● **Task requirements**
Working from the records below, repeat exactly the lines starting at the line that contains "Green Tourmaline And" and ending at the line that contains "Kleine Handtasche aus braunem Bonded Leather", inclusive.

● **Data shown**
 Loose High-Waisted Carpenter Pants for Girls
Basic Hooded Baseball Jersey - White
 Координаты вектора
--
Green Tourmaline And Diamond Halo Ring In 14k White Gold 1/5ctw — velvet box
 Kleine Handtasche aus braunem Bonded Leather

● **Your solution**
Green Tourmaline And Diamond Halo Ring In 14k White Gold 1/5ctw — velvet box
 Kleine Handtasche aus braunem Bonded Leather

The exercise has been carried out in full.